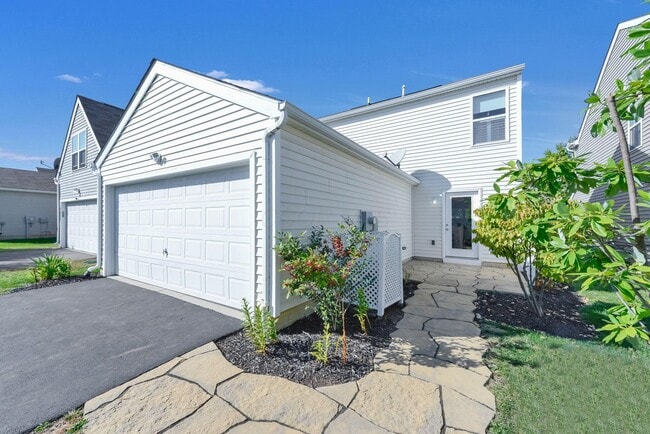Building Photo - 5833 Ivy Branch Dr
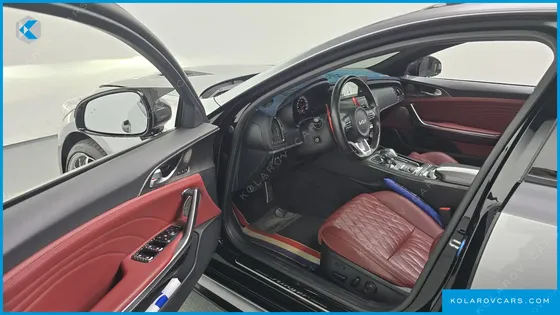KIA STINGER 3.3 GT AWD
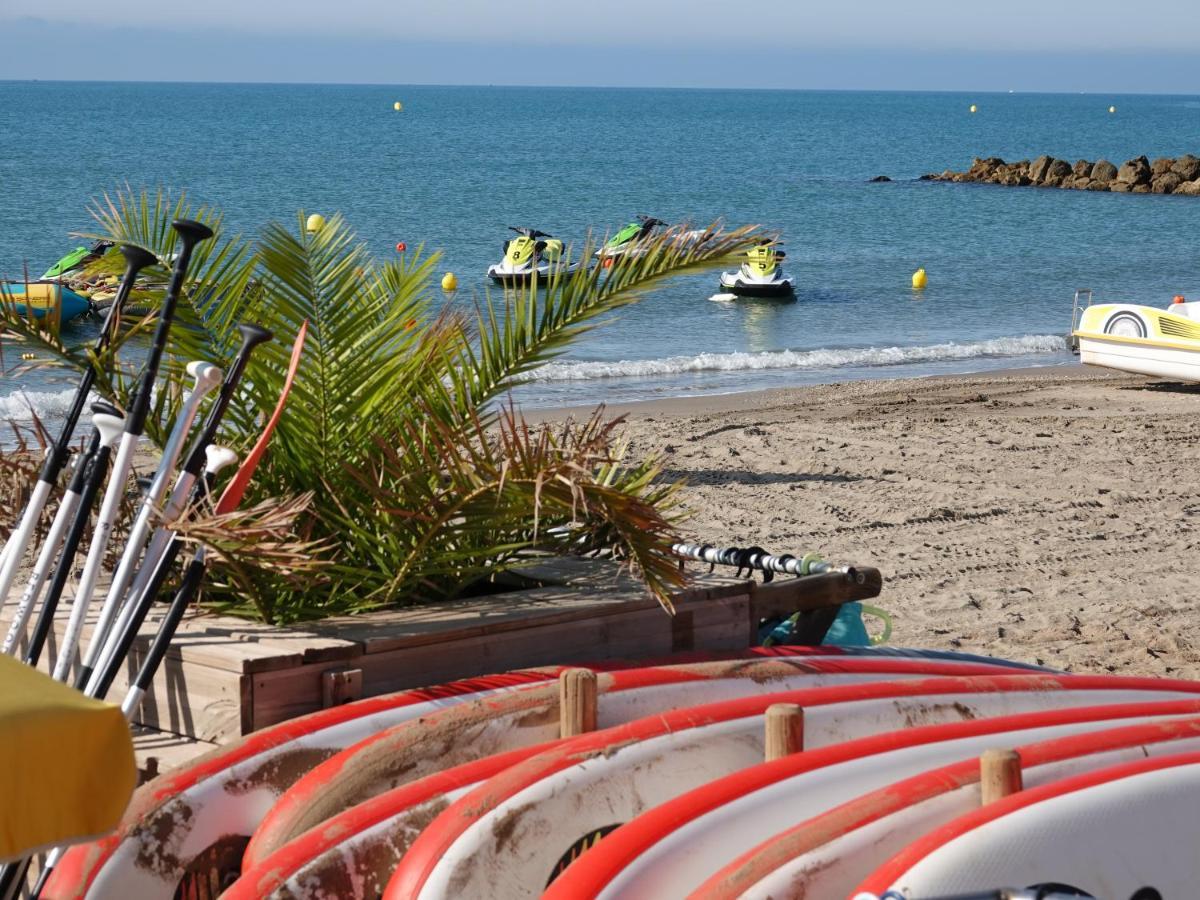 Отель Camping Pleine Mer Виас Экстерьер фото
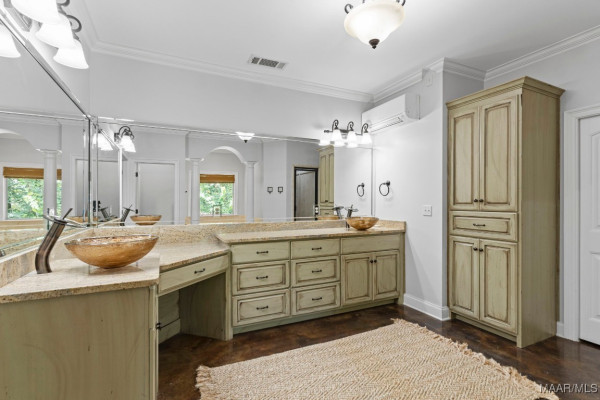 6313 Philadelphia Hill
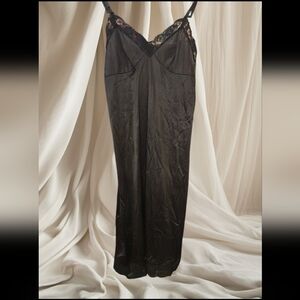 Vintage Black Slip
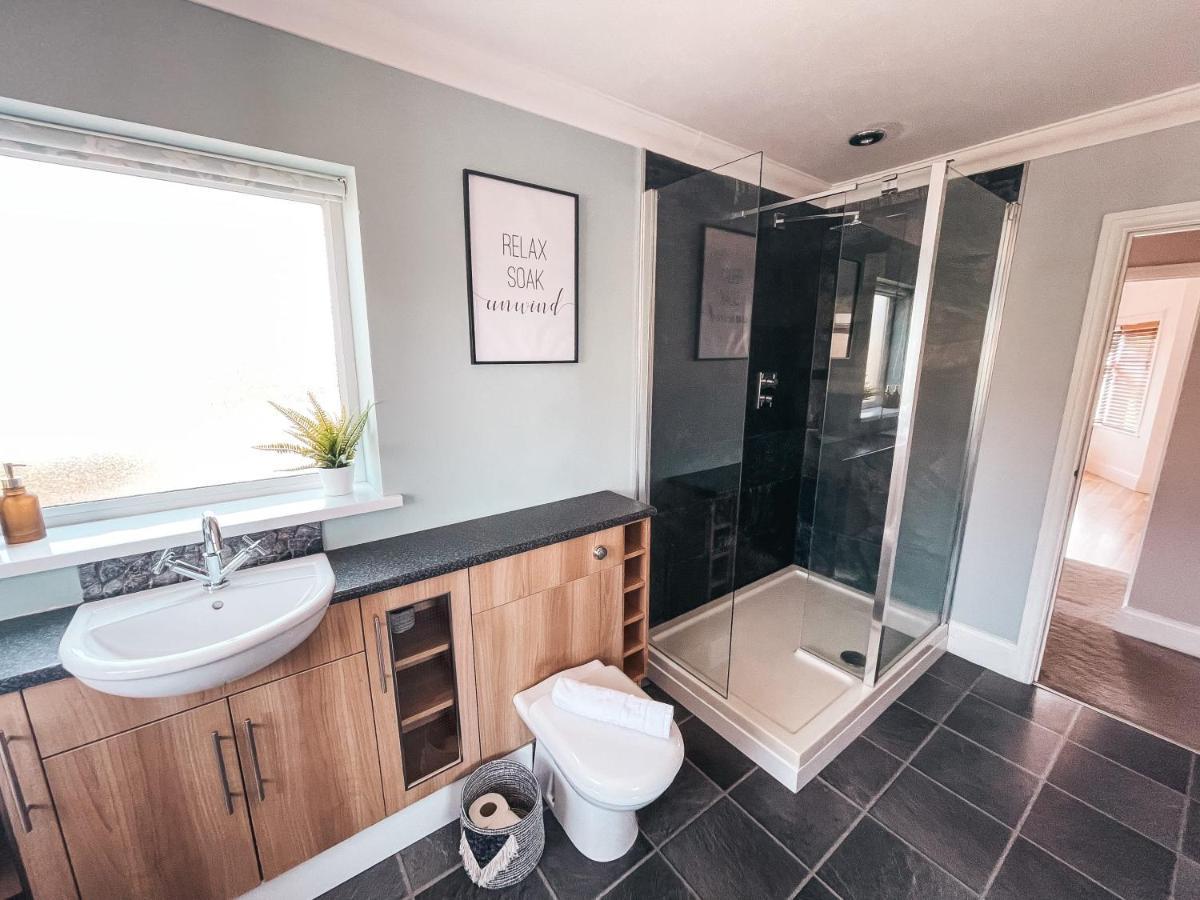 Ty-fry House, By Solace Holiday home Cardiff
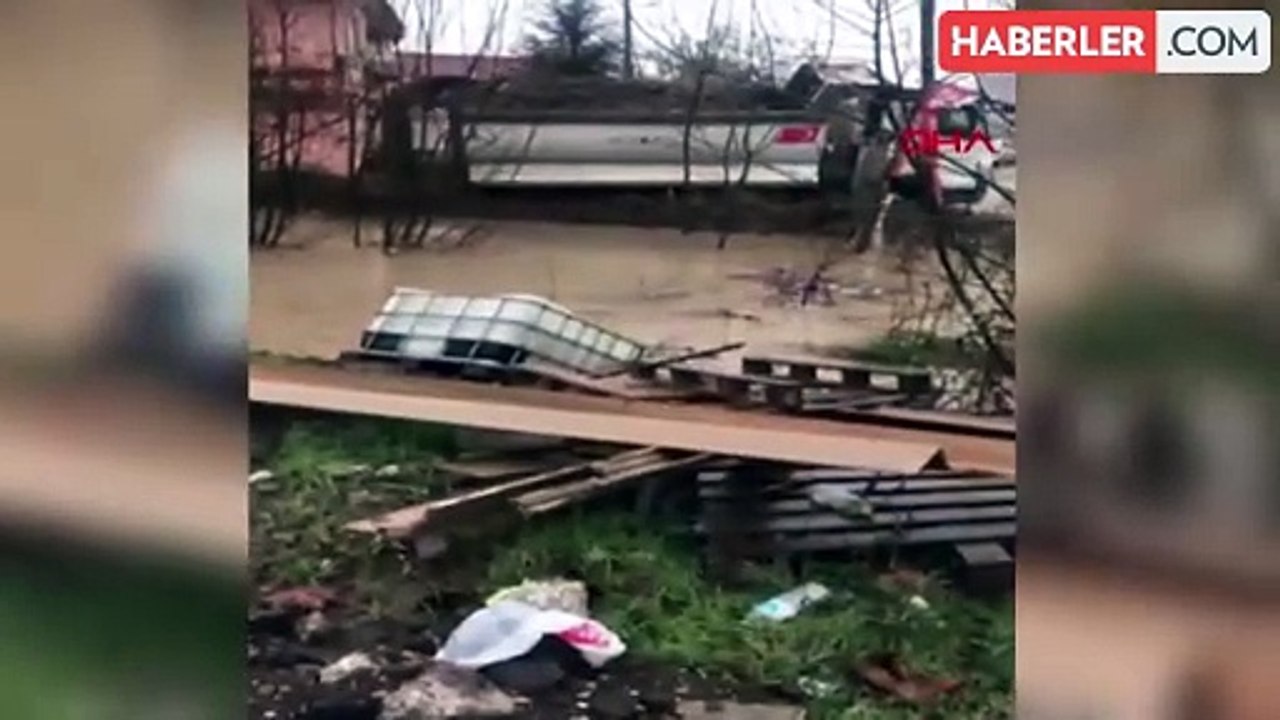 Düzce'de Sağanak Yağış Sonucu Evleri Su Bastı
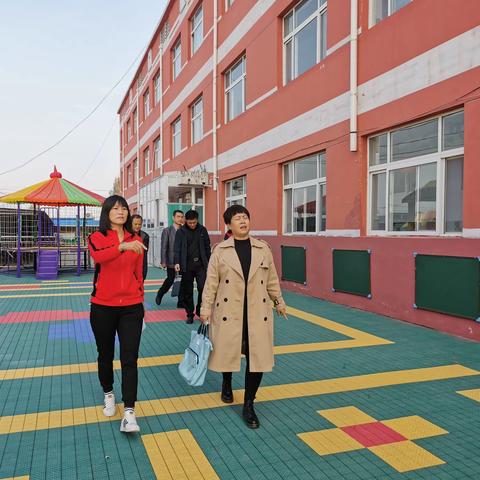 大辛庄明德小学幼儿园迎接农村示范园检查验收工作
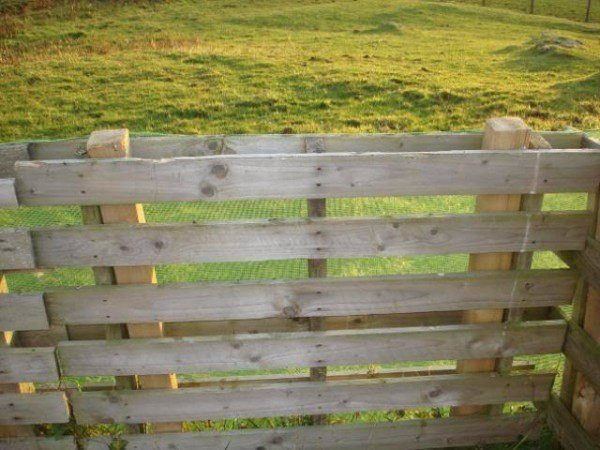 Best ideas about Pallet Fence DIY
. Save or Pin 13 Amazing DIY Pallet Fences You Can Make At Home Now.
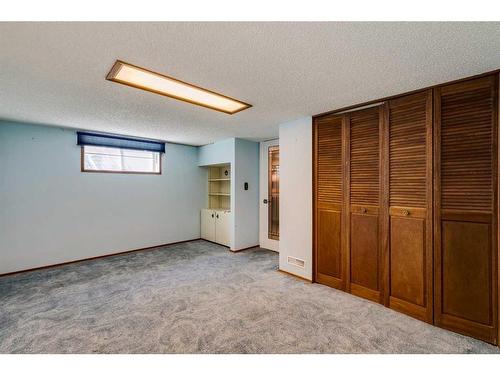 360 Templeside Circle Ne, Calgary, AB - Indoor Photo Showing Other Room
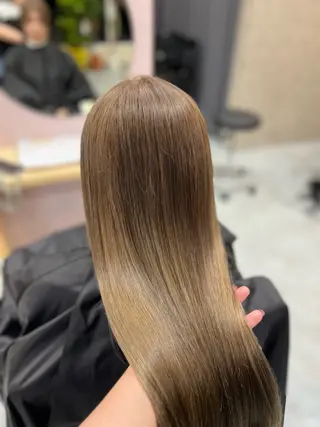 ロング カラー 🫧ブリーチ🫧 ✨艶カラーのヘアスタイル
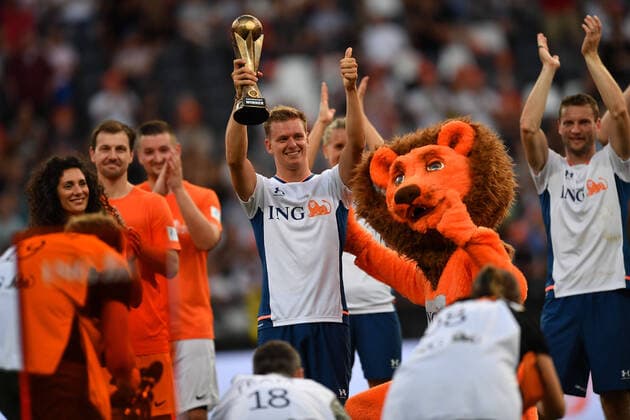 Bilder des Jahres 2022, Sport 08 August Sport Themen der Woche KW34 Sport Bilder des Tages Fußball Champions for Charity das Benefizspiel zu Ehren von Michael Schumacher am 24.08.2022 im Deutsche Bank Park in Frankfurt am Main Mick Schumacher nimmt den Pokal entgegen *** Soccer Champions for Charity the charity match in honor of Michael Schumacher on 24 08 2022 at Deutsche Bank Park in Frankfurt am Main Mick Schumacher accepts the cup xJKx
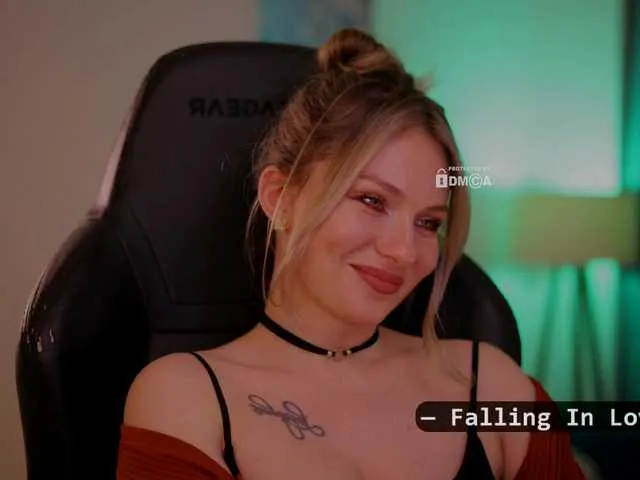 Live sex webcam photo for DianaMurr #291971136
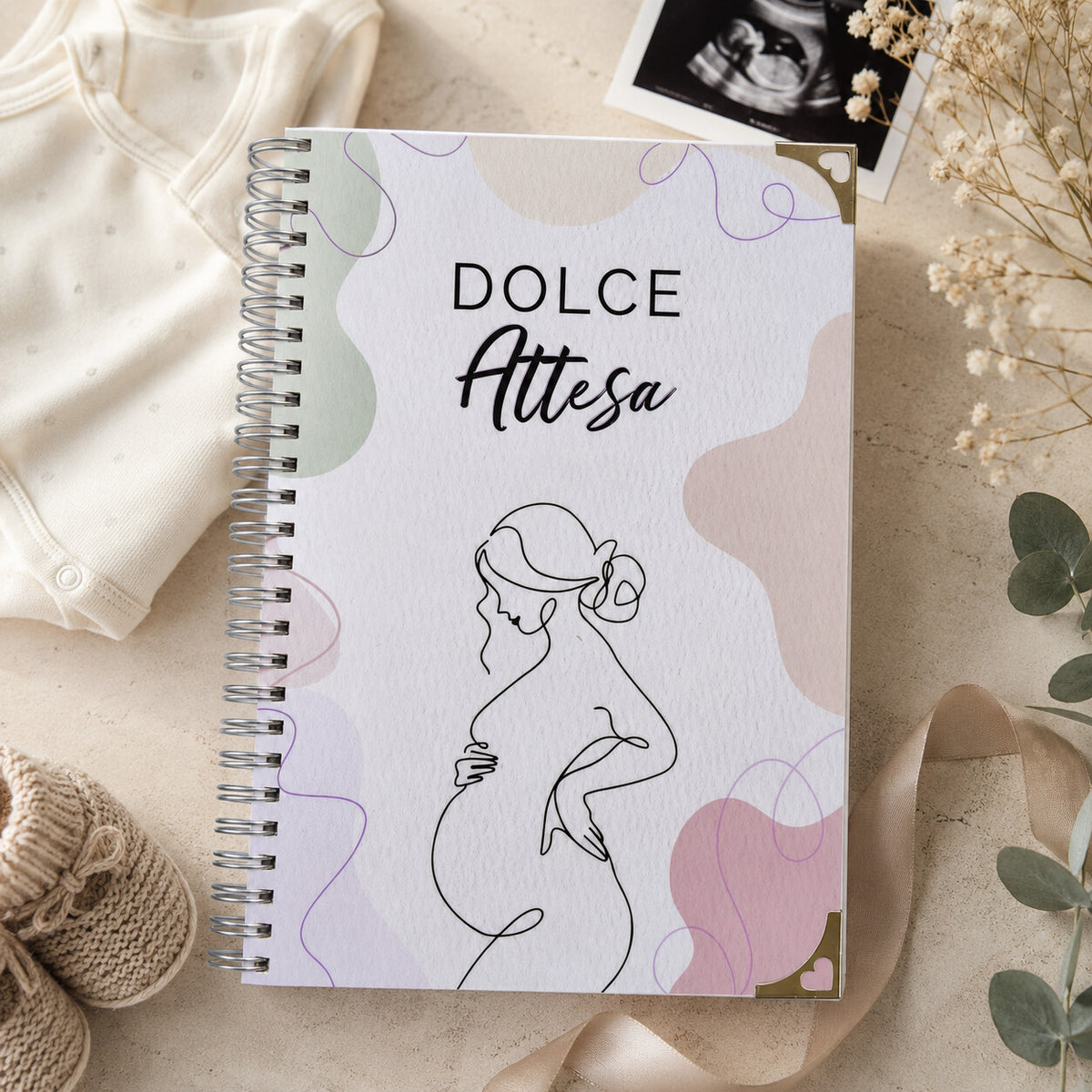 Diario della Gravidanza Dolce Attesa personalizzato, copertina pastello minimal con silhouette di mamma in attesa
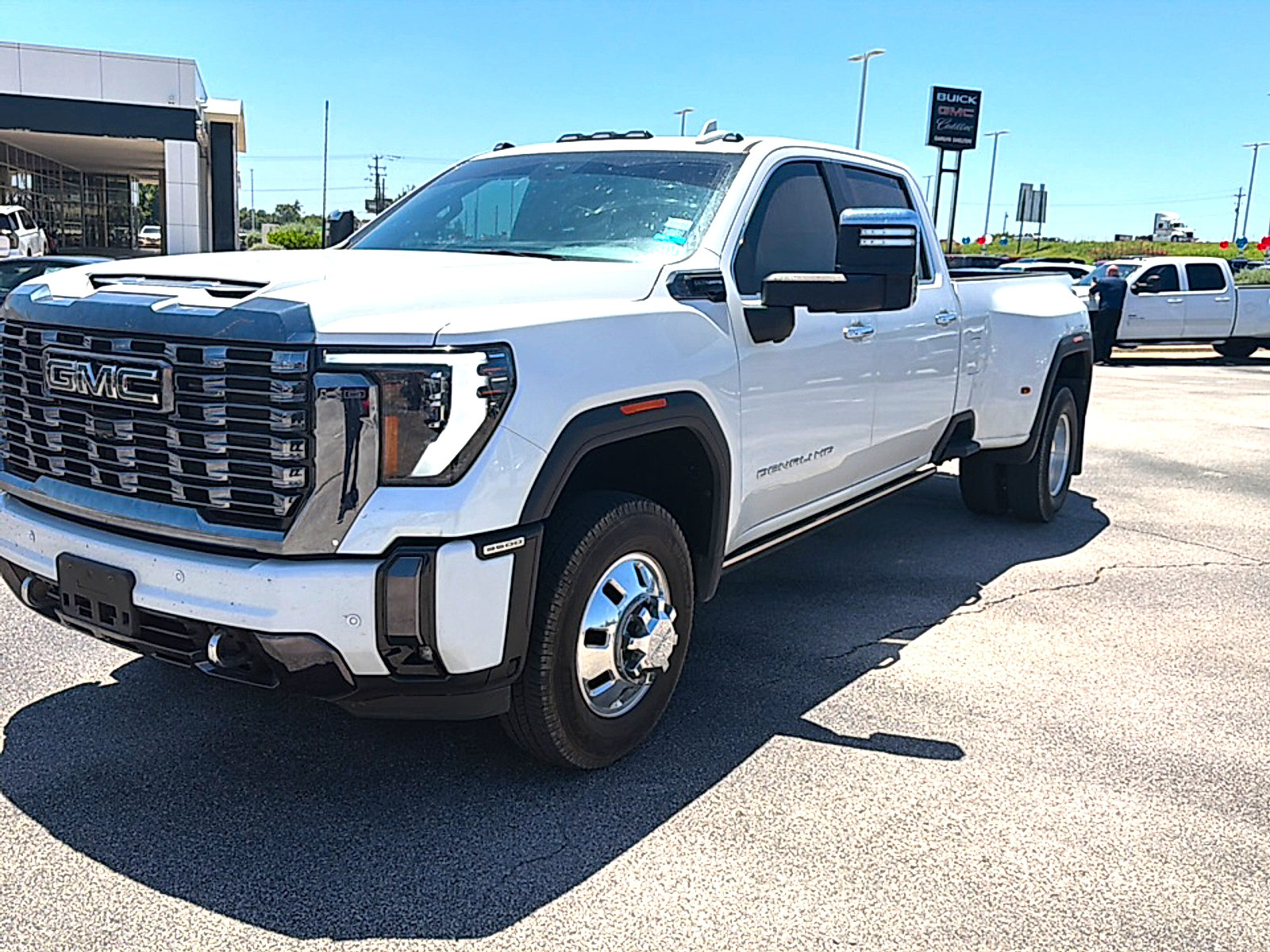Used 2024 GMC Sierra 3500 Denali Ultimate AWD/4WD image 2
————
→ Requirement:
Pictures should be skipped, and the records retyped word for word.

→ Response area:
Building Photo - 5833 Ivy Branch Dr
KIA STINGER 3.3 GT AWD
 Отель Camping Pleine Mer Виас Экстерьер фото
 6313 Philadelphia Hill
 Vintage Black Slip
 Ty-fry House, By Solace Holiday home Cardiff
 Düzce'de Sağanak Yağış Sonucu Evleri Su Bastı
 大辛庄明德小学幼儿园迎接农村示范园检查验收工作
 Best ideas about Pallet Fence DIY
. Save or Pin 13 Amazing DIY Pallet Fences You Can Make At Home Now.
 360 Templeside Circle Ne, Calgary, AB - Indoor Photo Showing Other Room
 ロング カラー 🫧ブリーチ🫧 ✨艶カラーのヘアスタイル
 Bilder des Jahres 2022, Sport 08 August Sport Themen der Woche KW34 Sport Bilder des Tages Fußball Champions for Charity das Benefizspiel zu Ehren von Michael Schumacher am 24.08.2022 im Deutsche Bank Park in Frankfurt am Main Mick Schumacher nimmt den Pokal entgegen *** Soccer Champions for Charity the charity match in honor of Michael Schumacher on 24 08 2022 at Deutsche Bank Park in Frankfurt am Main Mick Schumacher accepts the cup xJKx
 Live sex webcam photo for DianaMurr #291971136
 Diario della Gravidanza Dolce Attesa personalizzato, copertina pastello minimal con silhouette di mamma in attesa
Used 2024 GMC Sierra 3500 Denali Ultimate AWD/4WD image 2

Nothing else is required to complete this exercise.